WATCH the embrace in A Man and a Woman (at the end of this trailer)
“Because it is undoubtedly the 7th Art’s most famous embrace (“étreinte” in French, the anagram of “éternité“), because you can’t separate a man and a woman who love each other, because you can’t separate that Man from that Woman, the Festival de Cannes has chosen for the first time in its history to present a double official poster. A Man and a Woman. Side by side. Back together.”
Both stars are also previous Cannes winners – Jean-Louis won Best Actor for Z in 1969, and Anouk won Best Actress for A Leap in the Dark / Salto nel vuoto, in 1980.
The Festival said in a poetic press release:
“A man.
A woman.
A deserted beach.
A turbulent sky.
Intoxicating music.
A 3-month-old idea.
A 3-week shoot.
A 20-second scene.
Eternity lasts but a moment in the end.”
In a scene during the film, Jean-Louis’ character (Jean-Louis) and Anouk’s character (Anne) have the following conversation:
He: When something’s not serious, we says it’s like a film. Why aren’t films taken seriously, do you think?
She: Maybe because we only go to the cinema when all is going well?
He: So you think we should go when all is going wrong?
She: Why not?
The Festival says: “During times that seem to want to separate, compartmentalise or subjugate, the Festival de Cannes wants to (re)unite; to bring bodies, hearts and souls closer together; to encourage freedom and portray movement in order to perpetuate it; to embody the whirlwind of life to celebrate it, again and again.”

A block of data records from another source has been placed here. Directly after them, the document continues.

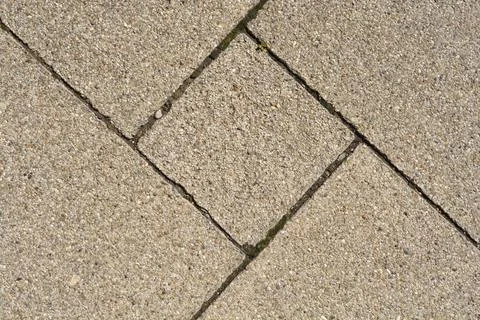Geometric pattern of gray concrete paving slabs Stock Photos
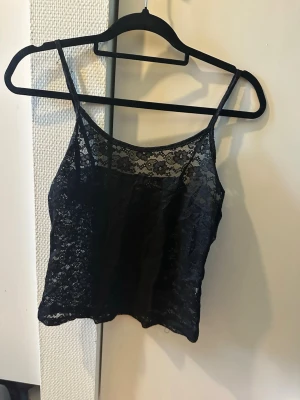 Svart spetslinnetopp med smala band - Snygg svart linnetopp i spets med smala axelband och transparenta detaljer. Toppen har ett feminint mönster och är perfekt för att styla lager på lager eller till ett par jeans. Croppad passform och mjukt material.
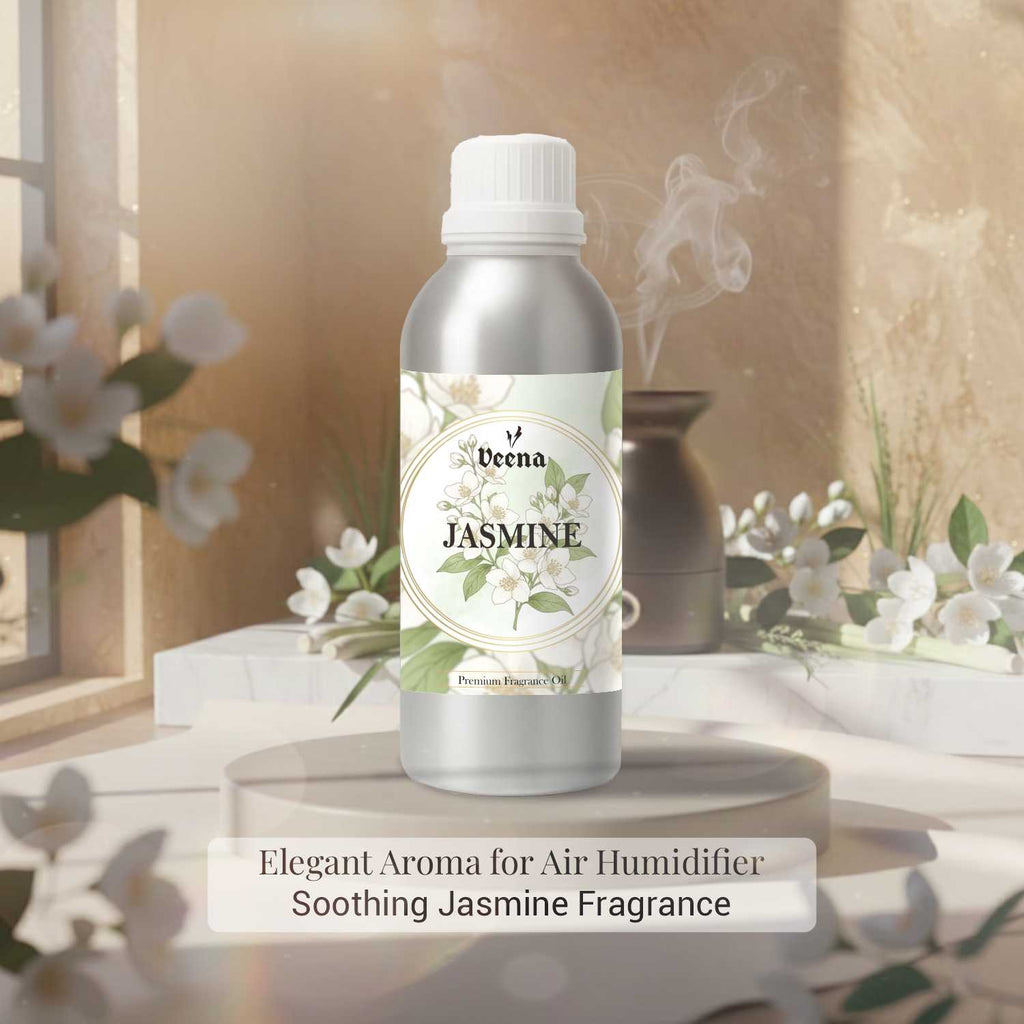 Veena Jasmine Premium Fragrance Oil canister standing on a round stone display platform surrounded by fresh white jasmine blossoms.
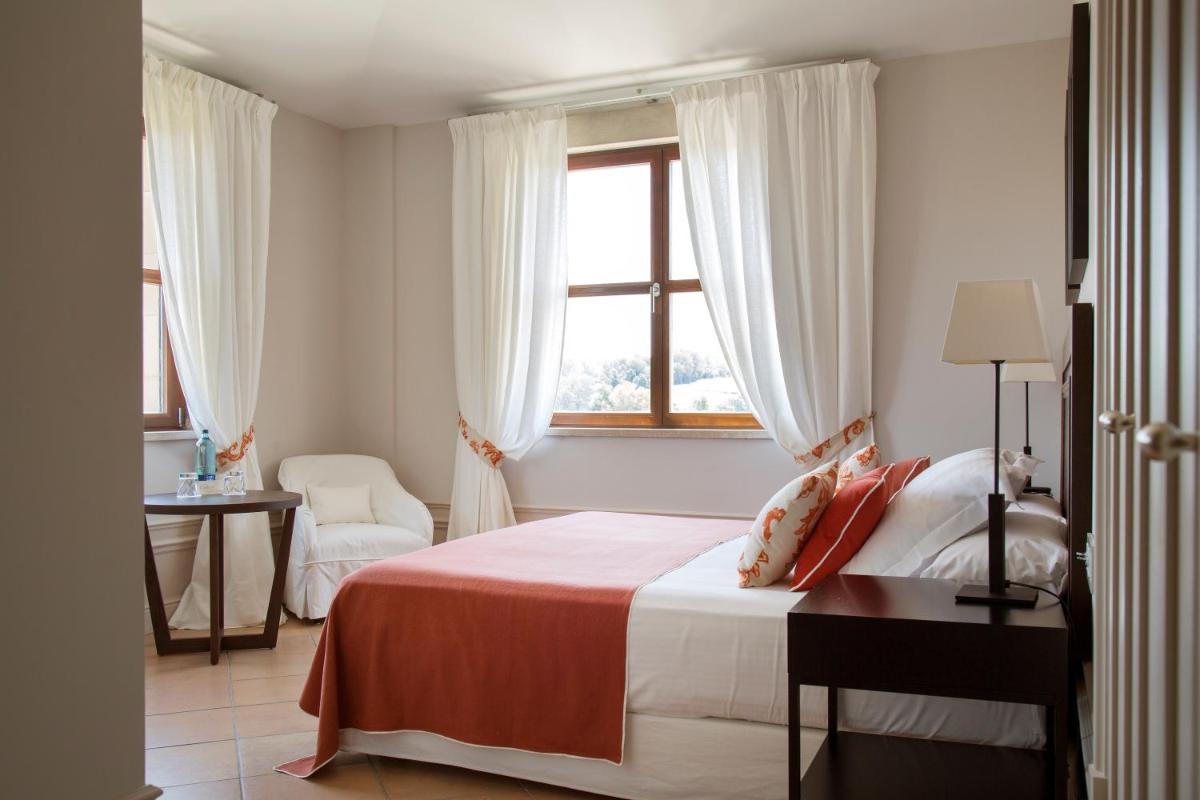 Cama o camas de una habitación en Casa Anamaria Hotel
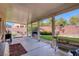 Large covered patio with concrete flooring and grill at 10212 Cider Mill Rd, Las Vegas, NV 89135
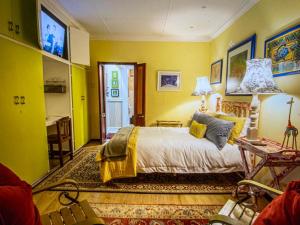 Dormitorio amarillo con cama y escritorio en The Tuscan Garden, en Newcastle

The festival notes that that the two late actors “forever illuminate the film of our lives like these two posters, whose colors express the intensity of a passionate love that triumphs over despair. This light no longer comes from the heavens, today troubled on all sides by dark clouds; it emerges from the radiant fusion of two beings who reconcile us with life.”